→ PROBLEM TO SOLVE
Beginning at the line that contains "Lace Sleeve Contrast Knit Cardigan", reproduce the entries below exactly, ending with the line that contains "Peter Uski, Dr. (H.C.) avatar image". Omit each picture.

→ DATA FOR THE TASK
Content starts
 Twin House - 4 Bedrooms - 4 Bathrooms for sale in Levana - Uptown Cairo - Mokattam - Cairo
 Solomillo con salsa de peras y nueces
Content ends
Content starts
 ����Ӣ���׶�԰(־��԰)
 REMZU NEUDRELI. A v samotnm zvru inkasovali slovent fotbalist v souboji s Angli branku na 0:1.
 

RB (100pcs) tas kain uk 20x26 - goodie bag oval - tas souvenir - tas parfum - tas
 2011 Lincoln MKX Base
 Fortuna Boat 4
Content ends
Content starts
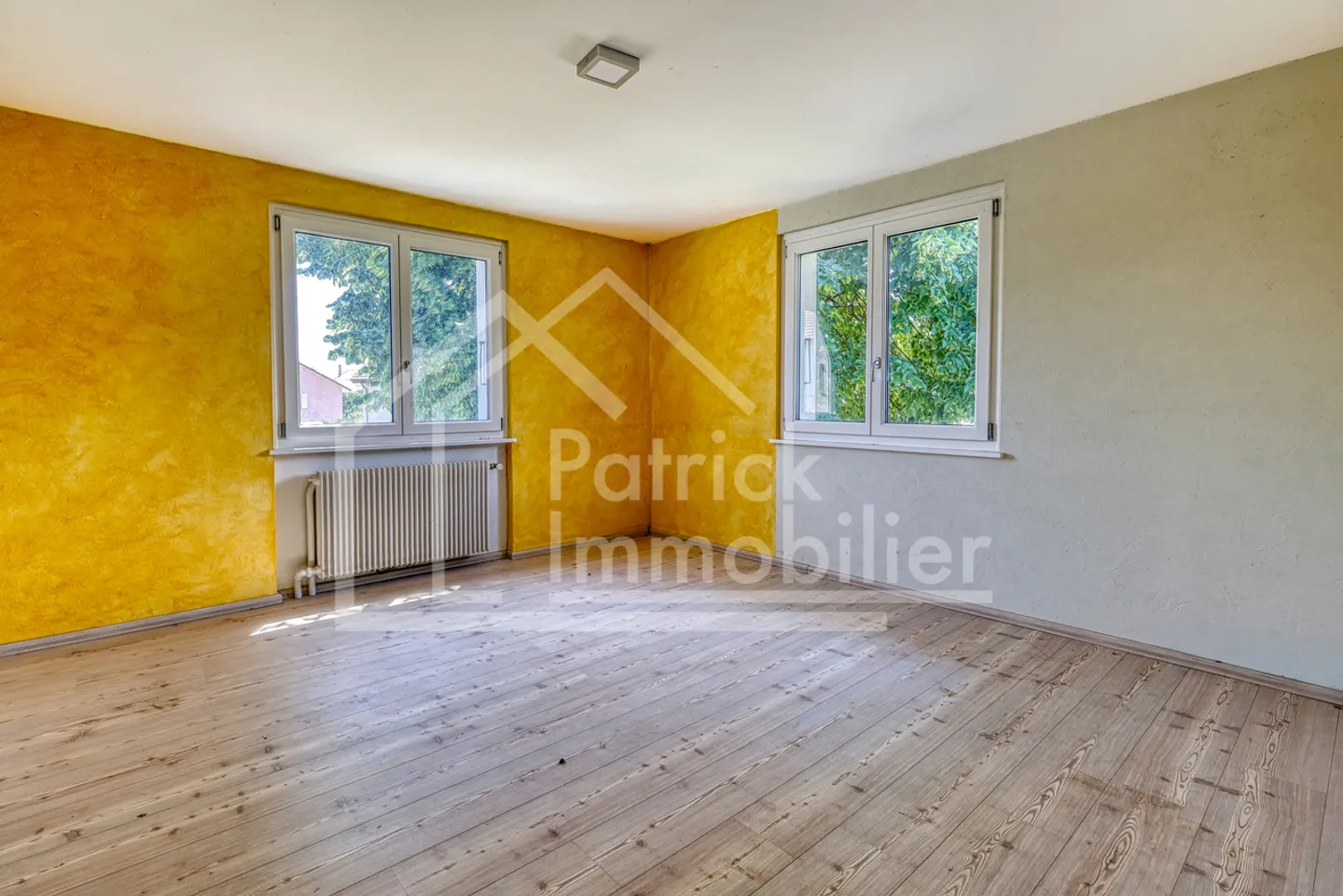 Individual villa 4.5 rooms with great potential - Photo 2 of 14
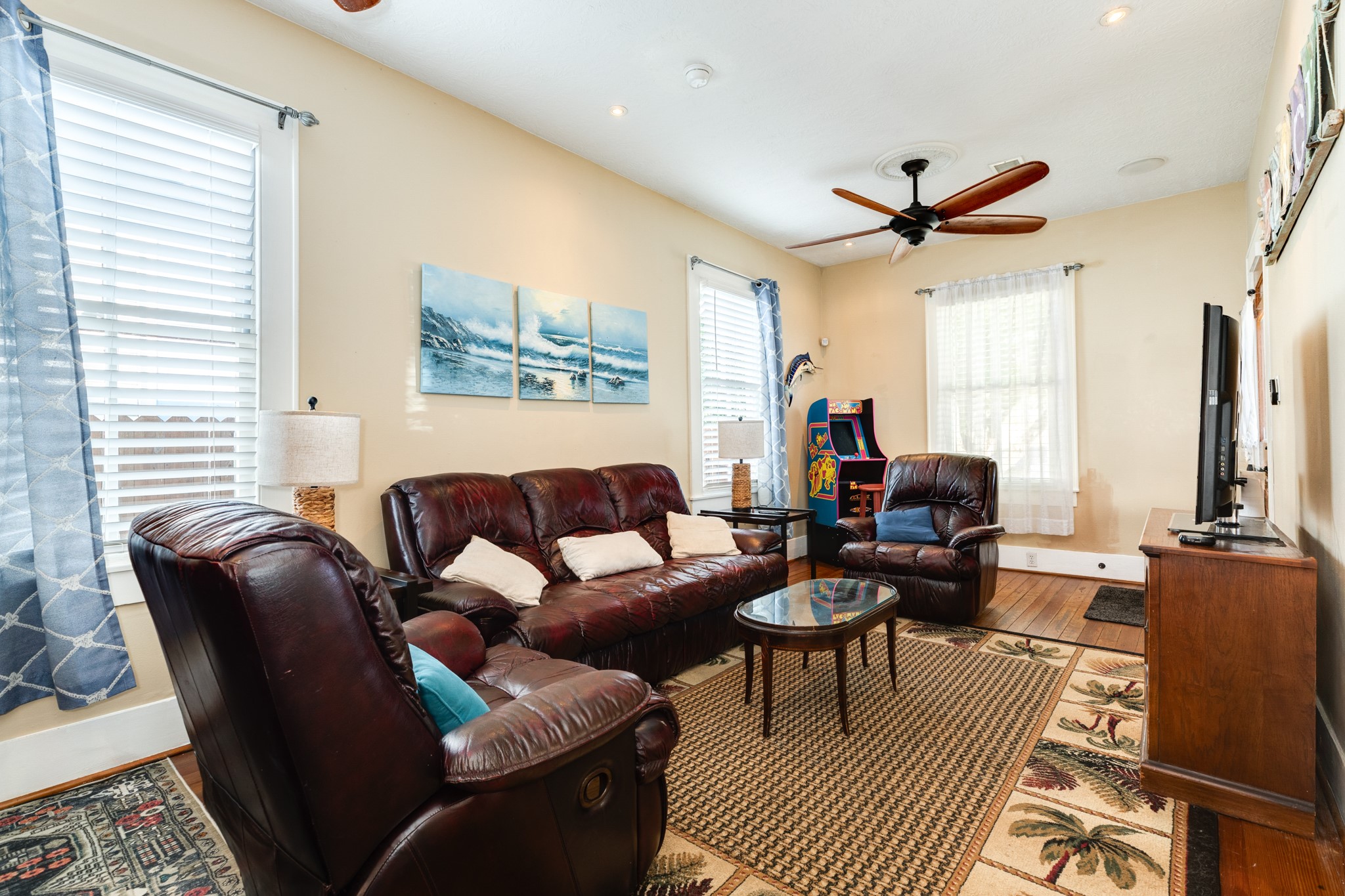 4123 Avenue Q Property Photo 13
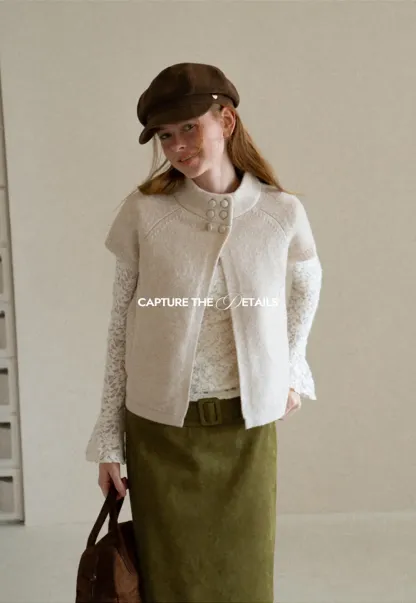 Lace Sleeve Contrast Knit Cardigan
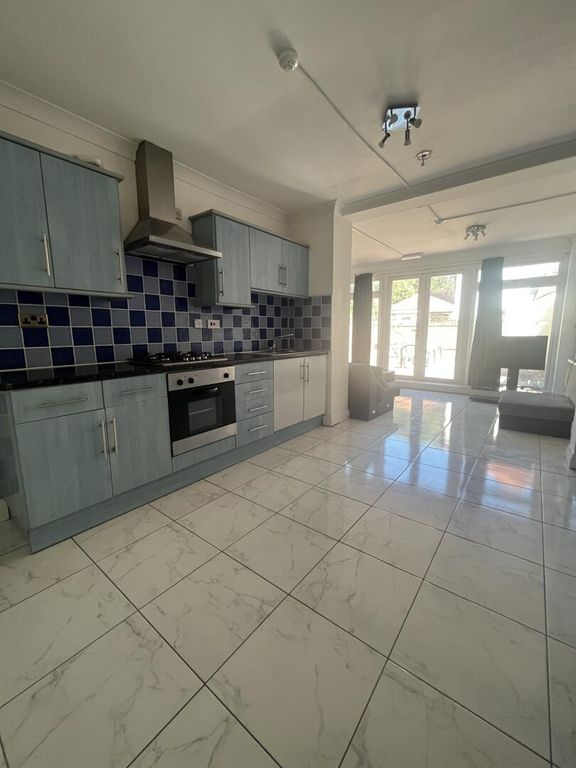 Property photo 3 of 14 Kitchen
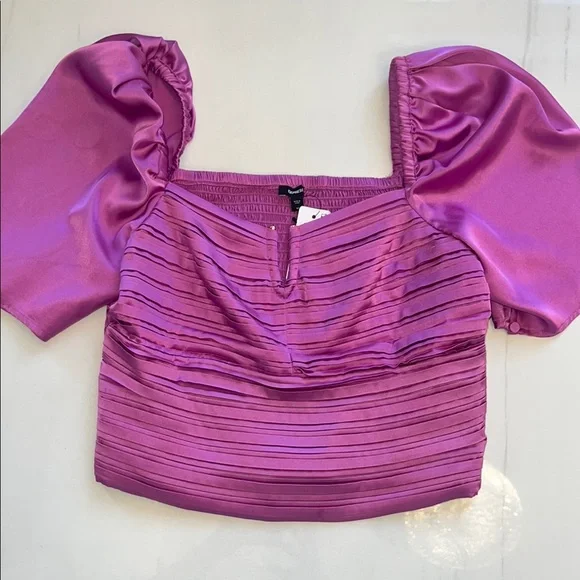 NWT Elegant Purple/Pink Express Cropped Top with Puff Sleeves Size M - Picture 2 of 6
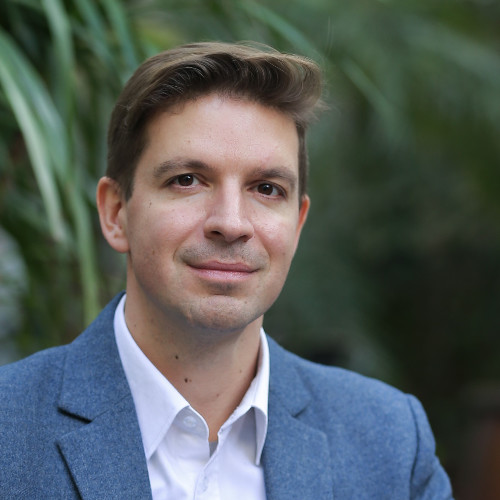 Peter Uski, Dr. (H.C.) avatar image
Content ends
→ RESULT OF THIS TASK
 Lace Sleeve Contrast Knit Cardigan
 Property photo 3 of 14 Kitchen
 NWT Elegant Purple/Pink Express Cropped Top with Puff Sleeves Size M - Picture 2 of 6
 Peter Uski, Dr. (H.C.) avatar image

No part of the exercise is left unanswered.